Most martial arts movies have an X-on-1 fight.  It might be 2-on-1, it might be 10-on-1.  However, almost all of these fight scenes involve both of the following cliches:  the one-hit wonderpunches that knock the bad guy out in a single blow, and the "we're going to attack you one-at-a-time like we're controlled by someone using a bad strategy in Risk."  There are a few movies I've seen, however, where there is actually a solid 2-on-1 or multiple-people-on-one fight.  This is when multiple bad guys attack at once (for more than just one or two attacks) and the loner has to use speed, mobility, and cunning to come out of the fight victorious.  The bad guys in these fights also tend to be able to take a hit or two, and actually make the loner use defensive techniques (instead of just preemptive attacks).  I find these make for some of the best fight scenes.

The two movies that come to mind are Jackie Chan's Who Am I in the rooftop fight scene (horrible movie, but this scene is worth it), and Donnie Yen as Ip Man fighting 10 black belts.

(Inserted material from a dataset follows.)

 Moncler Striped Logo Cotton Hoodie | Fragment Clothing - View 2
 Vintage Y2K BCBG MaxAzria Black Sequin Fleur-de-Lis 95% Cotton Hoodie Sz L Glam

What are some movies you would suggest?  The criteria for a good X-on-1 fight is:
1)  The bad guys are smart enough to simultaneously attack.
2)  The bad guys are at least close to the skill level of the loner (enough so that attacking together they pose a great threat).
3)  The bad guys do not go down in a single punch.
4)  Little to no use of wires.

I'm also fine with amateur videos done for youtube


----------



## billc (Nov 30, 2013)

Here is one, the last fight in the movie "Yakuza" one swordsman vs a couple of others.


----------



## Blindside (Nov 30, 2013)

Old Boy (the original, freaking hollywood) hallway fight scene.
Sent from my Lumia 900 using Board Express


----------



## Mauthos (Dec 2, 2013)

The Raid Redemption is a pretty good movie which IIRC covers all the criteria you listed quite nicely in a number of the fights.


----------



## Instructor (Dec 2, 2013)

Ip Man has to be right up there.  Also pick any Segal movie...


----------



## Stickgrappler (Dec 2, 2013)

Donnie Yen's new movie Special ID - not one but two multiple attackers scene. Can't be helped though - parts of the scene were group waiting for one guy vs Donnie but got the most part I think it may be what you are looking for


What you are probably not looking for but cool fight is the penultimate fight in Tony Jaa's Tom Yum Goong aka The Protector - he breaks the joints of fifty three BG's iirc


----------